[Supplied information Boundary: Start]
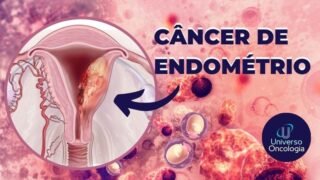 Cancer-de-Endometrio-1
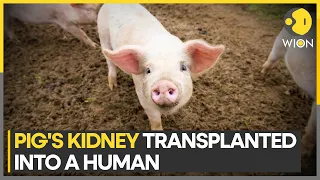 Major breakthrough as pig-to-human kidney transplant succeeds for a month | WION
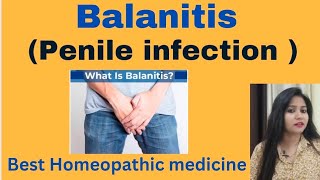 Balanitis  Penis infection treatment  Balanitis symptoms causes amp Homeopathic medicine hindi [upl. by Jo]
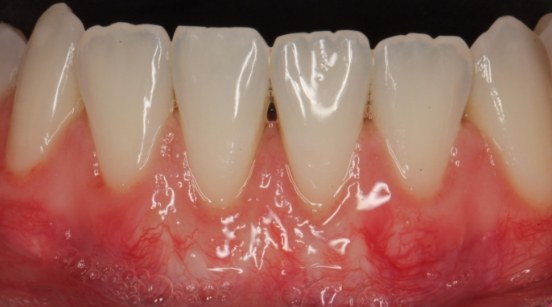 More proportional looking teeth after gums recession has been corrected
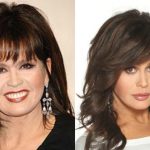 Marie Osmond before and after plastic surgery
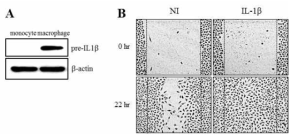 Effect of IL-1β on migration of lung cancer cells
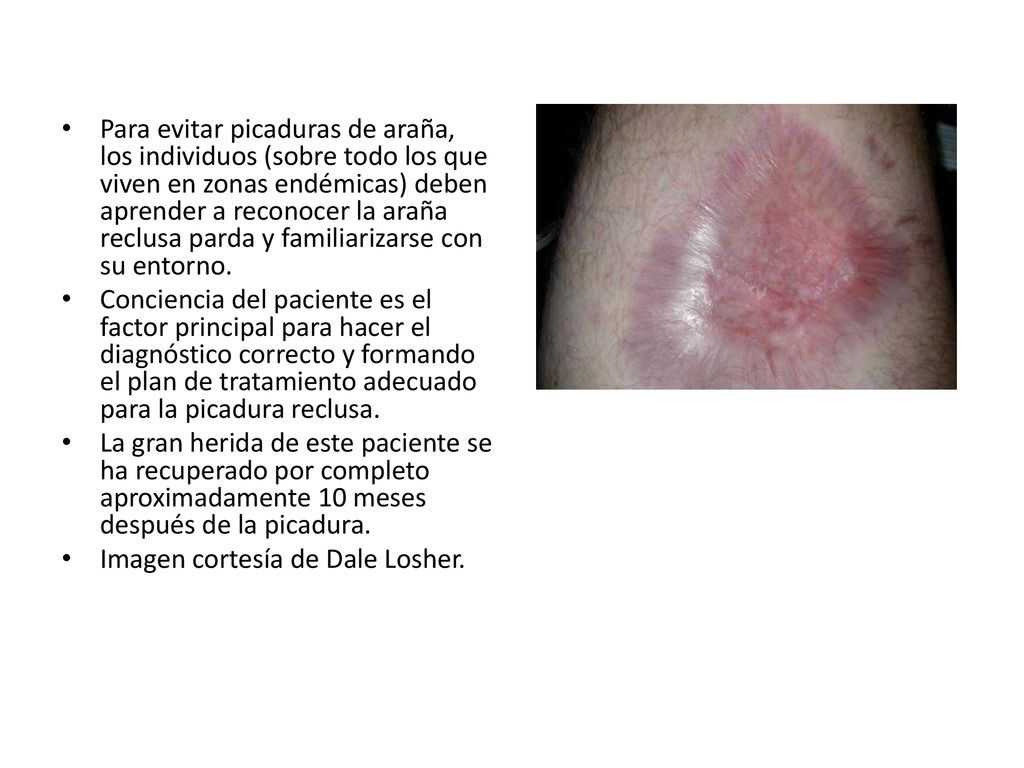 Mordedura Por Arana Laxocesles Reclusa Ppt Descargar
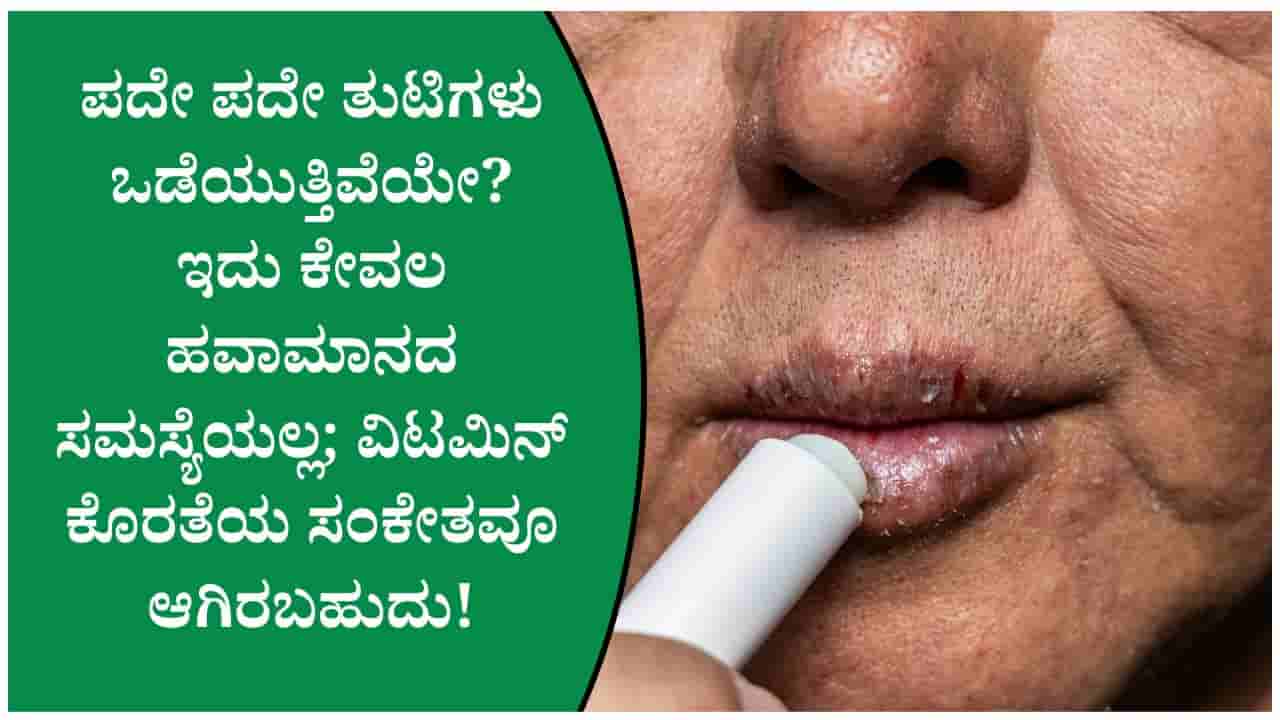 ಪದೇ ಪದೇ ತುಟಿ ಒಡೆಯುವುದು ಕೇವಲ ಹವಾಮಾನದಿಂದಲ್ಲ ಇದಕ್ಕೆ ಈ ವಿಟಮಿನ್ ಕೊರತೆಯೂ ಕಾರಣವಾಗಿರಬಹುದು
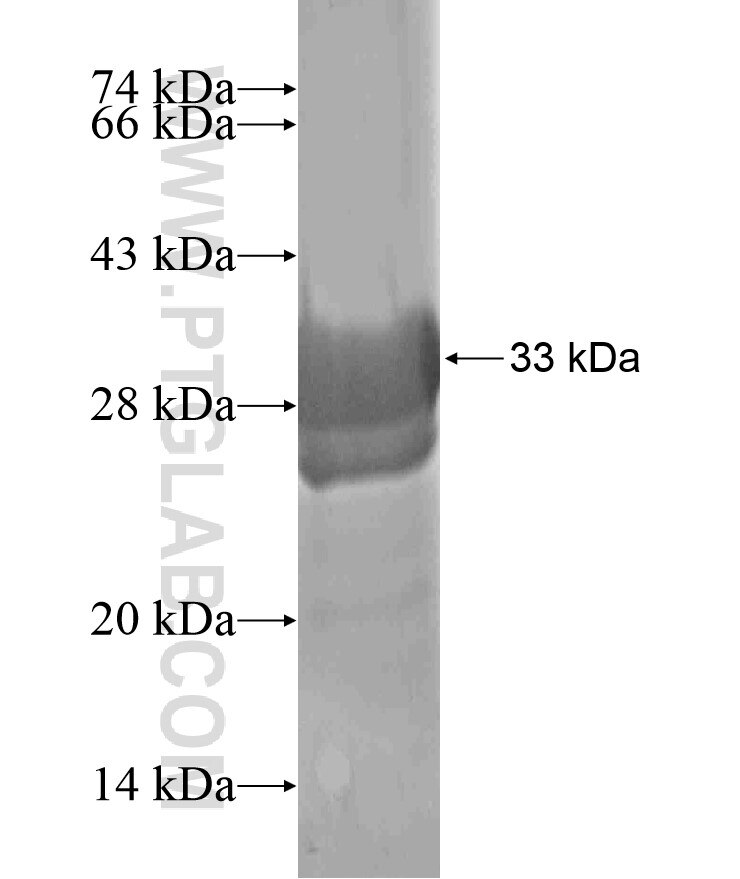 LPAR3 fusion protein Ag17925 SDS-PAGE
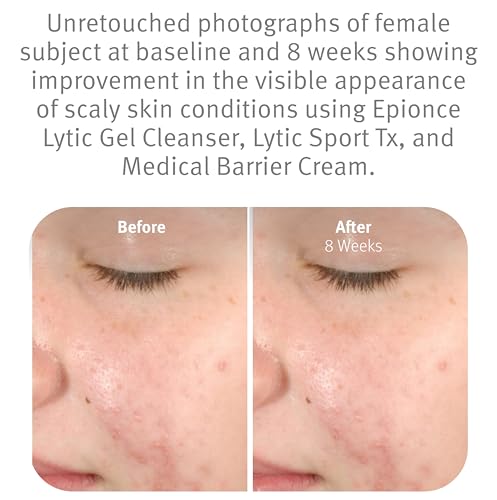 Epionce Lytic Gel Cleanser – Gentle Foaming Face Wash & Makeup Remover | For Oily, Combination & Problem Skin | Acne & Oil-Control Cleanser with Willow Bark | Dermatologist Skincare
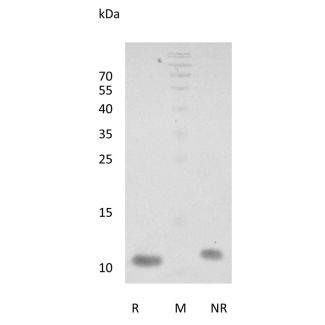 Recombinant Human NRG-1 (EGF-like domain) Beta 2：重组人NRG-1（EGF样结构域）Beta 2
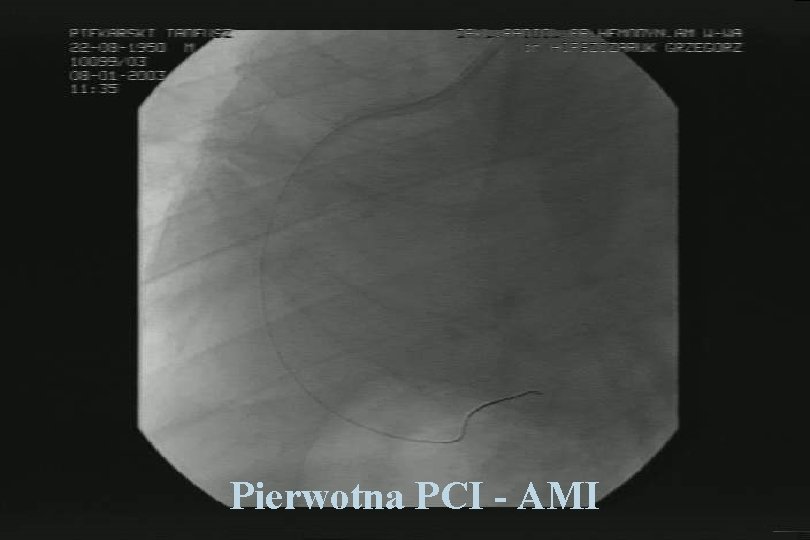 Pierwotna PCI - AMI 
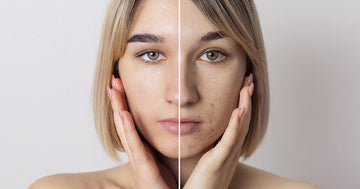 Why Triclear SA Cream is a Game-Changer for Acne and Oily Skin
[Supplied information Boundary: End]
### Task objective
Transcribe all of the data above exactly; no picture belongs in the copy.

### Written answer
 Cancer-de-Endometrio-1
 Major breakthrough as pig-to-human kidney transplant succeeds for a month | WION
 Balanitis  Penis infection treatment  Balanitis symptoms causes amp Homeopathic medicine hindi [upl. by Jo]
 More proportional looking teeth after gums recession has been corrected
 Marie Osmond before and after plastic surgery
 Effect of IL-1β on migration of lung cancer cells
 Mordedura Por Arana Laxocesles Reclusa Ppt Descargar
 ಪದೇ ಪದೇ ತುಟಿ ಒಡೆಯುವುದು ಕೇವಲ ಹವಾಮಾನದಿಂದಲ್ಲ ಇದಕ್ಕೆ ಈ ವಿಟಮಿನ್ ಕೊರತೆಯೂ ಕಾರಣವಾಗಿರಬಹುದು
 LPAR3 fusion protein Ag17925 SDS-PAGE
 Epionce Lytic Gel Cleanser – Gentle Foaming Face Wash & Makeup Remover | For Oily, Combination & Problem Skin | Acne & Oil-Control Cleanser with Willow Bark | Dermatologist Skincare
 Recombinant Human NRG-1 (EGF-like domain) Beta 2：重组人NRG-1（EGF样结构域）Beta 2
 Pierwotna PCI - AMI 
 Why Triclear SA Cream is a Game-Changer for Acne and Oily Skin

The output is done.